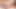 Busty brunette ladyboy in black dress jerks off solo in bed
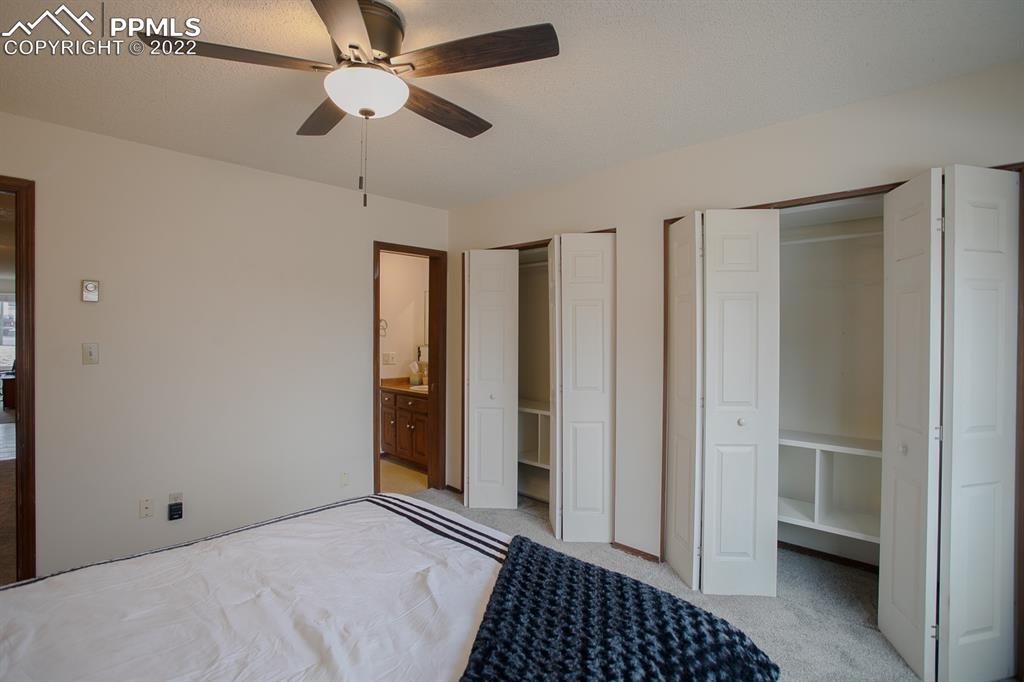 1140 Magic Lamp Way, Unit 3 Monument, CO 80132 - Photo 21 of 26 a view of room with window and ceiling fan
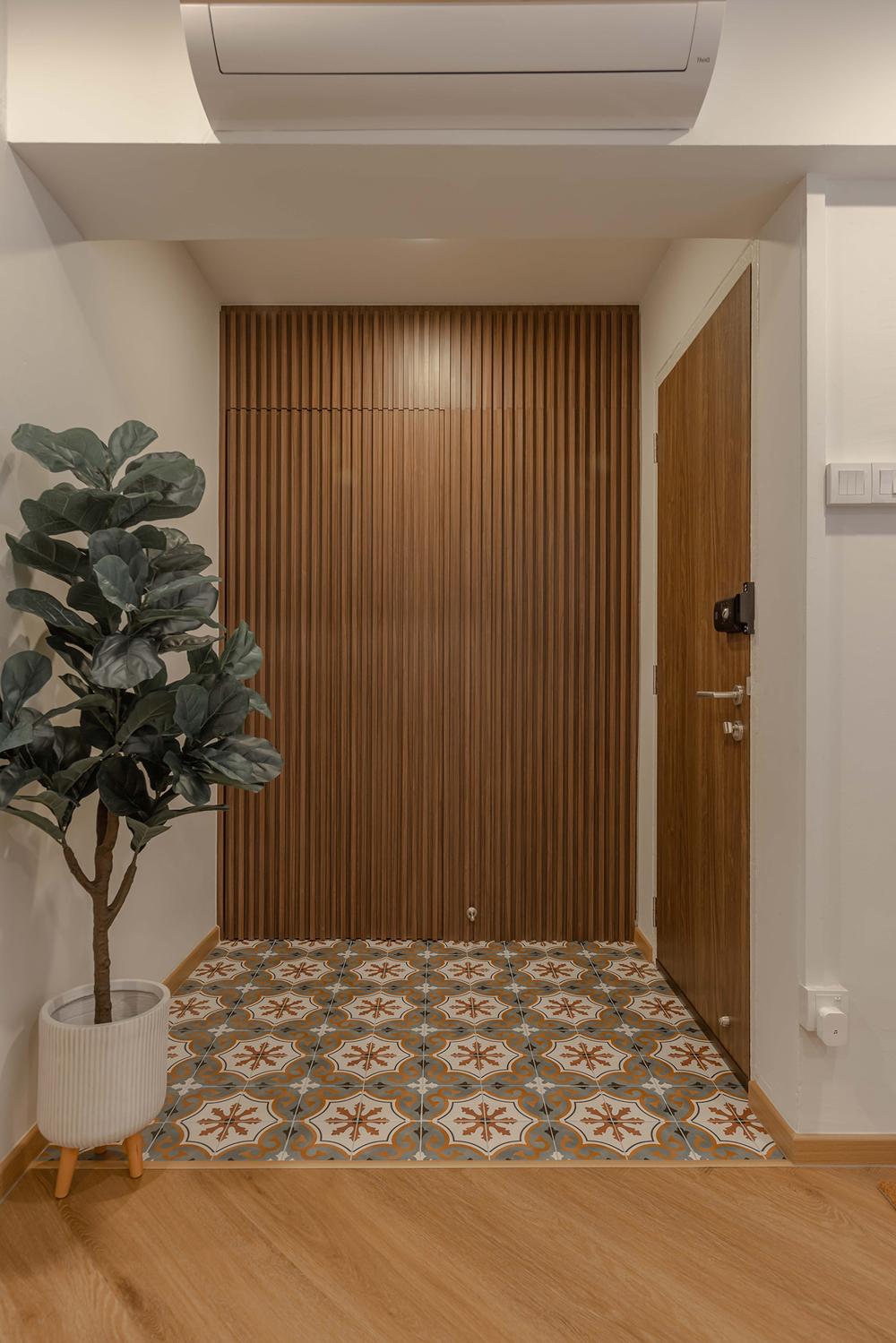 Transitional Foyer with Homogeneous Tiles and Storage Cabinets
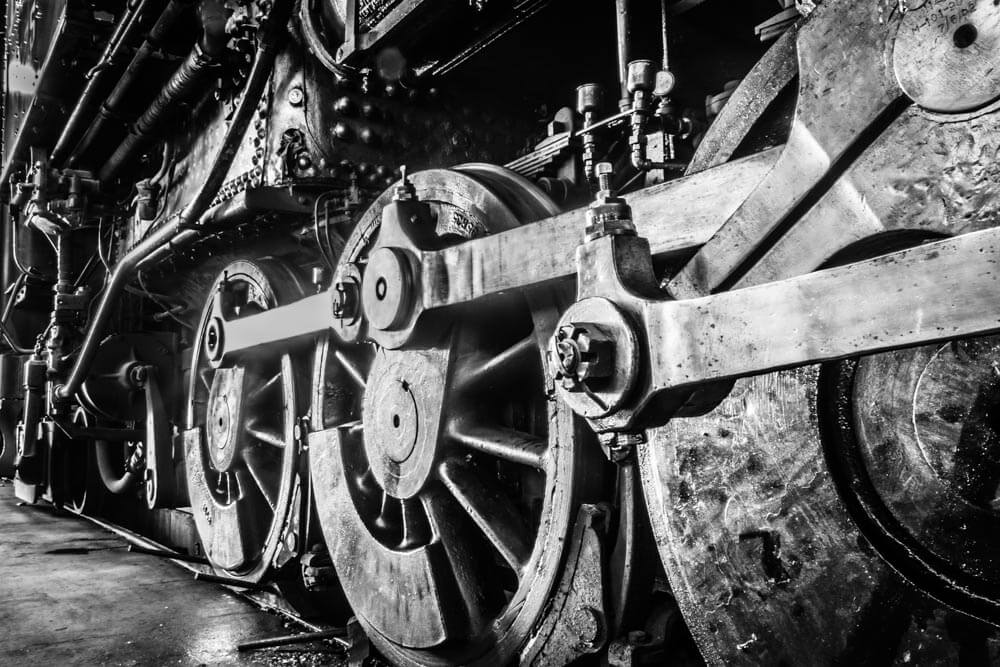 Close up black and white image of train wheels.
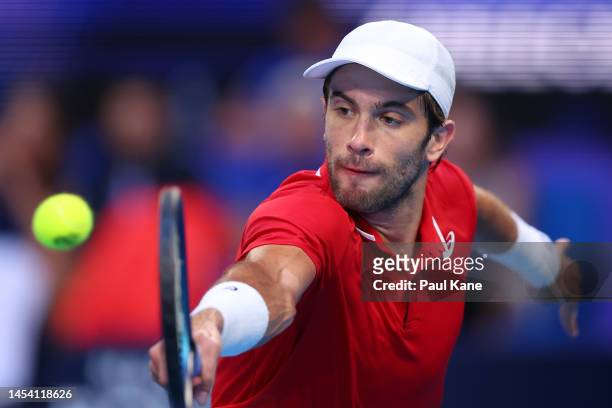 Borna Coric of Croatia plays a backhand in the Men's singles finals match against Stefanos Tsitsipas of Greece during day seven of the 2023 United...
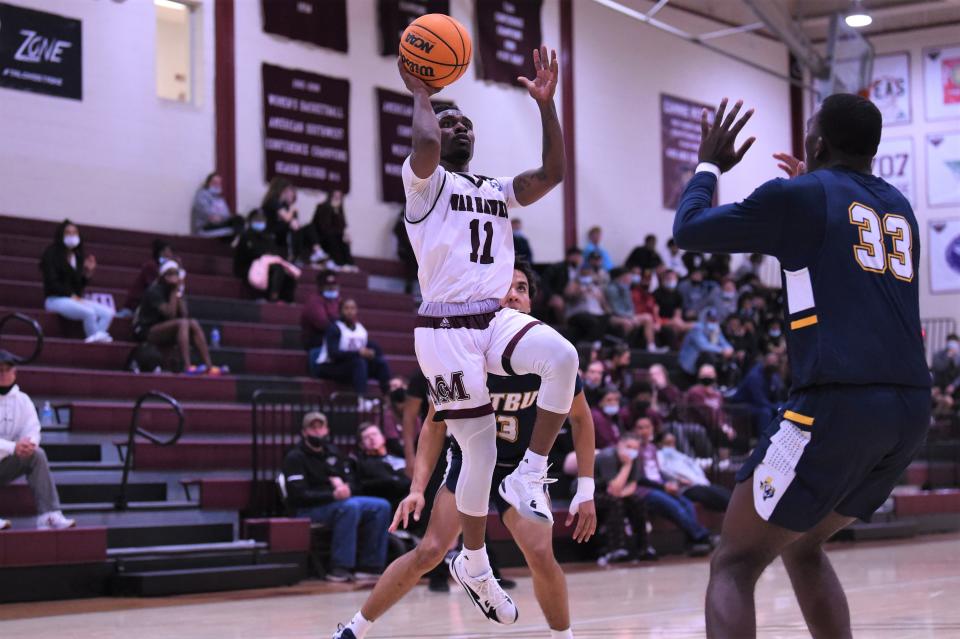 McMurry's Remy Minor (11) goes up for a shot during Saturday's American Southwest Conference game against East Texas Baptist.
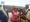 La ministre de la Santé et de la Lutte contre le Sida tenant la clé de l'ambulance en compagnie du député de Songon et du gouverneur du District d'Abidjan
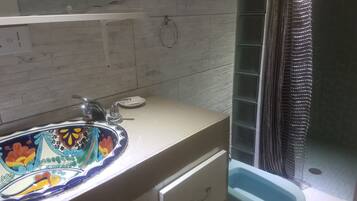 Un bagno con lavandino bianco, uno specchio, un water e una tenda da doccia.
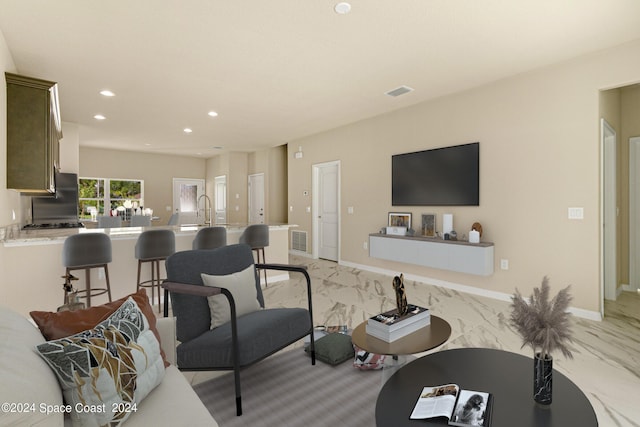 living room with baseboards, marble finish floor, visible vents, and recessed lighting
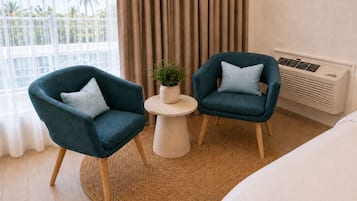 Habitación de hotel con dos sillones, una mesita con una planta, una cama y vistas a palmeras por la ventana.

▸ WORK REQUIRED:
Everything from the first line of the records through the line containing "Borna Coric of" should be repeated exactly, with the pictures left out.

▸ TASK RESPONSE:
 Busty brunette ladyboy in black dress jerks off solo in bed
 1140 Magic Lamp Way, Unit 3 Monument, CO 80132 - Photo 21 of 26 a view of room with window and ceiling fan
 Transitional Foyer with Homogeneous Tiles and Storage Cabinets
 Close up black and white image of train wheels.
 Borna Coric of Croatia plays a backhand in the Men's singles finals match against Stefanos Tsitsipas of Greece during day seven of the 2023 United...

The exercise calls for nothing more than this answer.